No Frenchmen made their appearance. But Fitzroy’s little English commissioner friend began to drift round the tables taking a thousand to a hundred about the French horse from every bookmaker that would lay it. He got pretty well round the room before the ring-men woke up to the fact that a big commission was being worked. By the time that he had got round to the Yorkshireman, he had invested two thousand pounds at a steady price of ten to one, and then he put his notebook in his pocket.

Even a racing commissioner must talk sometimes, and when a friend asked him if he had backed the horse for himself he drew his friend to one side and whispered in his ear.

“You’ll hardly believe it,” he said, “but I don’t know whose money I’m putting on. Two Americans that I never saw before and a Chinaman—a Chinaman if you please—came to me and gave two thousand pounds and asked me to put it on the French horse for them. Can you beat that? I wouldn’t have touched it, only they gave me the money and the money was good, even if those birds weren’t. What do you make of it? The Chinaman told me he knew I was plenty good man and he’d give me two hundred if it came off. I never thought I’d take money from a Chinaman. But there’s not many men will give you two hundred for two minutes’ work, you know.”

“Do you think it’s got any chance?”

“Not an earthly, unless these chaps know something. I’d rather listen to two thousand cash than to all the tips in the world. They don’t put on two thousand unless they know something.”

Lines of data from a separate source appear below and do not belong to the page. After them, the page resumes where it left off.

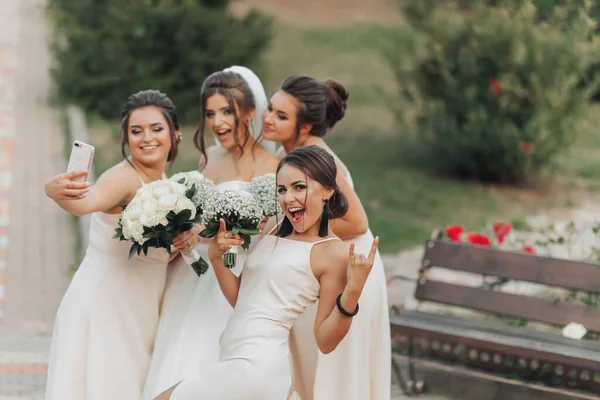 自然の中で結婚式の写真 長い白いドレスを着たブルネットの花嫁とヌードドレスの彼女の友人は笑顔で 自分の携帯電話で自撮りをして ジプシーの花束を持っています 若い女性だ — ストック写真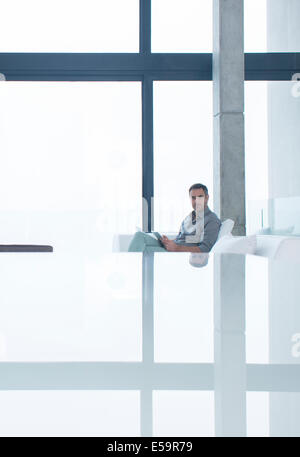 Man using cell phone on sofa in modern house Stock Photo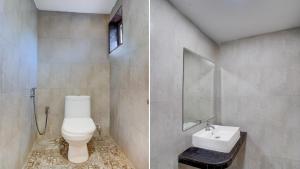 een badkamer met toilet en wastafel bij Hotel Beachfront - Couple & Family Friendly in Calangute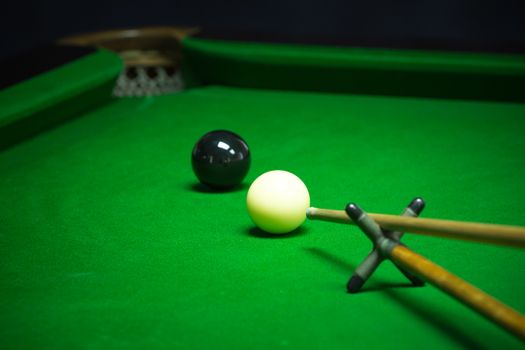 snooker balls set on a green table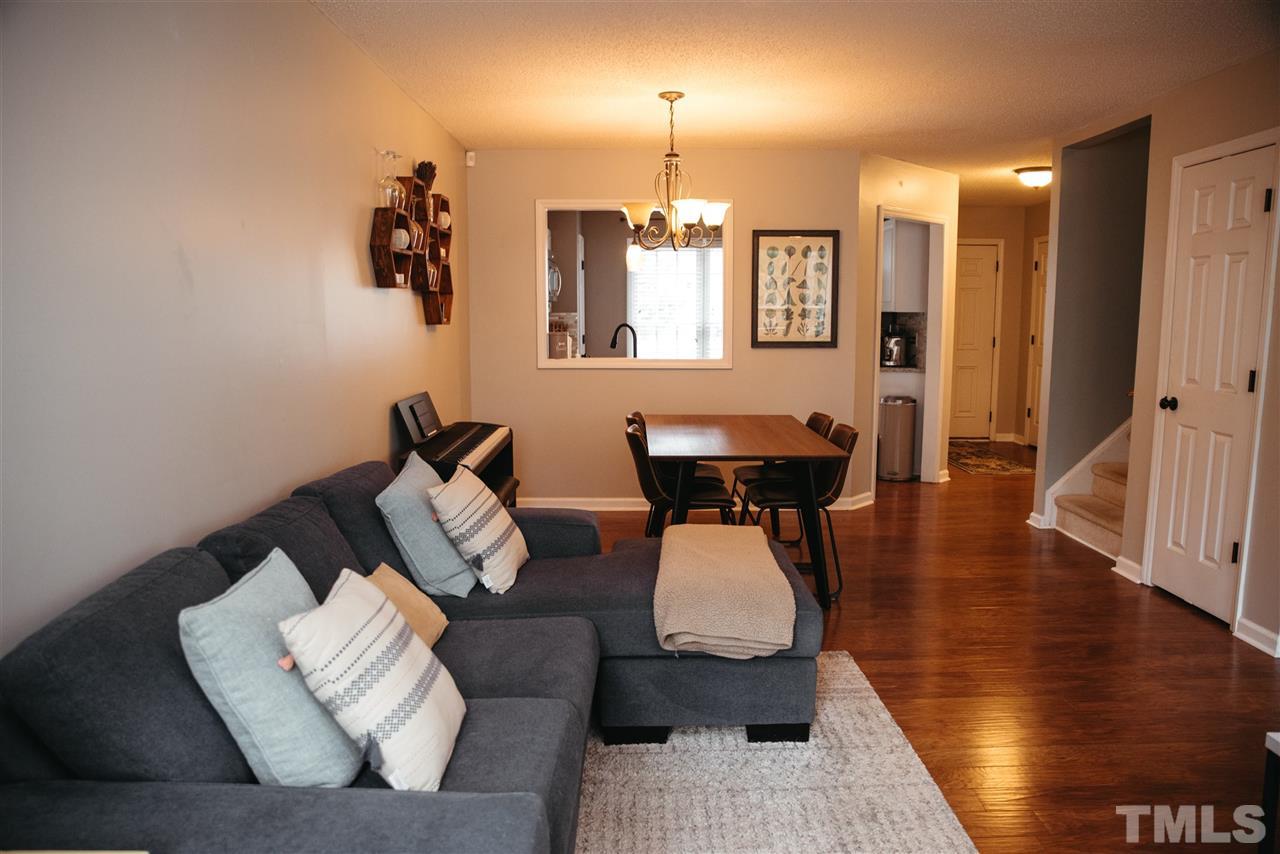 7020 Epping Forest Drive Raleigh, NC 27613 - Photo 6 of 29 a living room with furniture and wooden floor
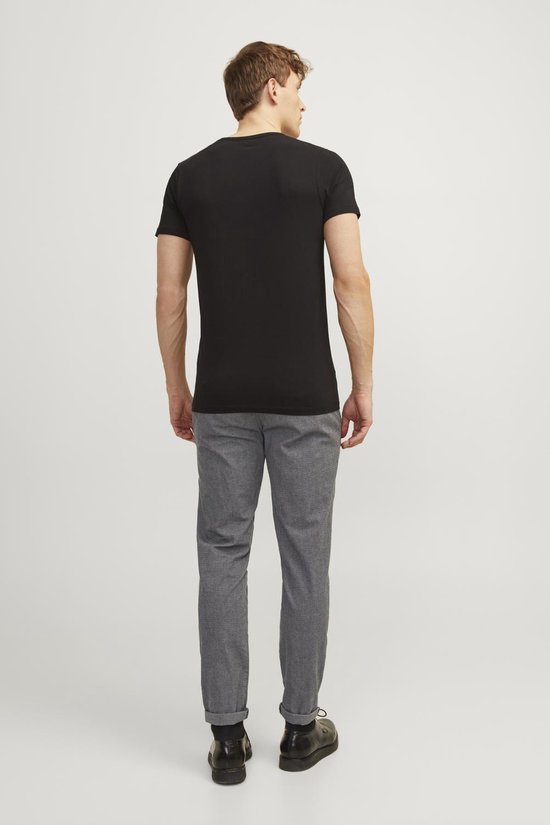Achterkant van een man met zwart t-shirt en grijze broek met fijne structuur.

With one leg of his big double safely home Fitzroy simply could not keep away from the settling. He saw Mr Noall across the room and thought that that amateur bookmaker might ask him to lay some of the double money back to him. But Mr Noall thought that the money was as good as in his pocket and had no idea of saving a single shilling. How could the Australian horse have any chance against Crusader?

Finding no hope for adventure, Fitzroy made for home, and he had to hurry, for during the afternoons he filled the position of watchman over Crusader’s box. With an automatic in his pocket he strolled up and down the yard, occasionally looking out in the manner laid down in police regulations. He did not expect that anything would happen, but it was just as well to be on the safe side, so he refused admittance to everybody, no matter how plausible their stories.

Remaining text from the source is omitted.